I’m always surprised at how many prospects start a free trial, let it lapse, then come back — anywhere from a week to a year later — and convert. It’s not a ton of customers that convert that way, but for those that do, it’s essentially free money.

So I started encouraging it. I experimented with various campaigns that I could send weekly to free trial users who had lapsed. What I learned was that “reminding” them of the value of the product didn’t move the needle, neither did discounting or special offers. The campaign needed to show the value they were missing — any kind of value — to boost lapsed conversions. Otherwise I was just asking them to tell me not to email them again.

I took the lightest bit of value I could add, something I could give away for free (bonus posts that paying members get), and started sending that in a weekly “we miss you” newsletter. My lapsed conversions tripled and it cost me nothing. 

 

5. Track Everything and Follow the Rule of 10/10/100

This is where I get quantitative on you. Unless you’re tracking every touchpoint on your funnel from free tier to paid, you’re again blindfolded and throwing darts.

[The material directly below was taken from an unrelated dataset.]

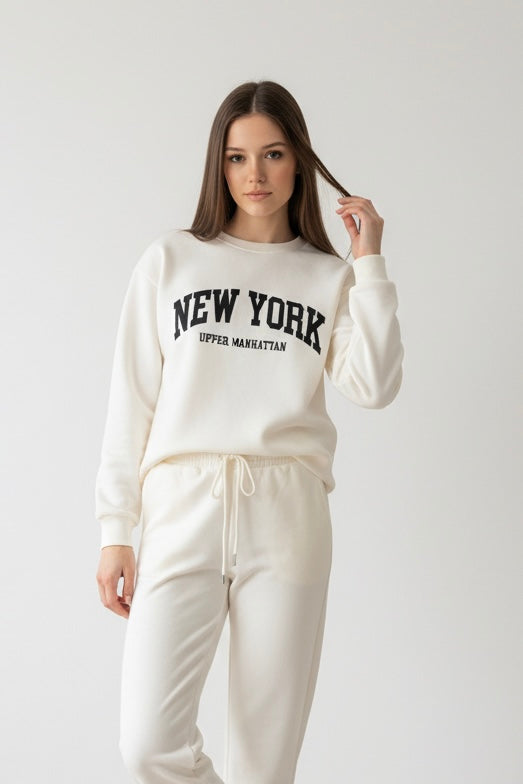 Chándal de Algodón de Dos Piezas con Pantalón Recto  Blanco New York – Trapio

I use Google Analytics for website traffic to tell me how many new visitors I’m getting, then my own internal metrics for the free tier, then Stripe for the paid tier. Once I have that I like to use a rule I call 10/10/100.

My goal for conversion is:

  • 10% of new website visitors claim a free trial.
  • 10% of free trial users convert to paid customers.
  • 100% of first time paid customers re-up for a second payment. 

My results will ebb and flow depending on the time period, but once I know where they ebb and flow and can tie that back to marketing and sales efforts, I can start creating efficiencies, reducing the cost to acquire the customer (CAC), and increasing lifetime value (LTV).

That’s really the primary goal of any free trial. Giving the product away can be a great lure, but when your CAC starts to eclipse your LTV, that’s where the crippling mistakes tend to happen.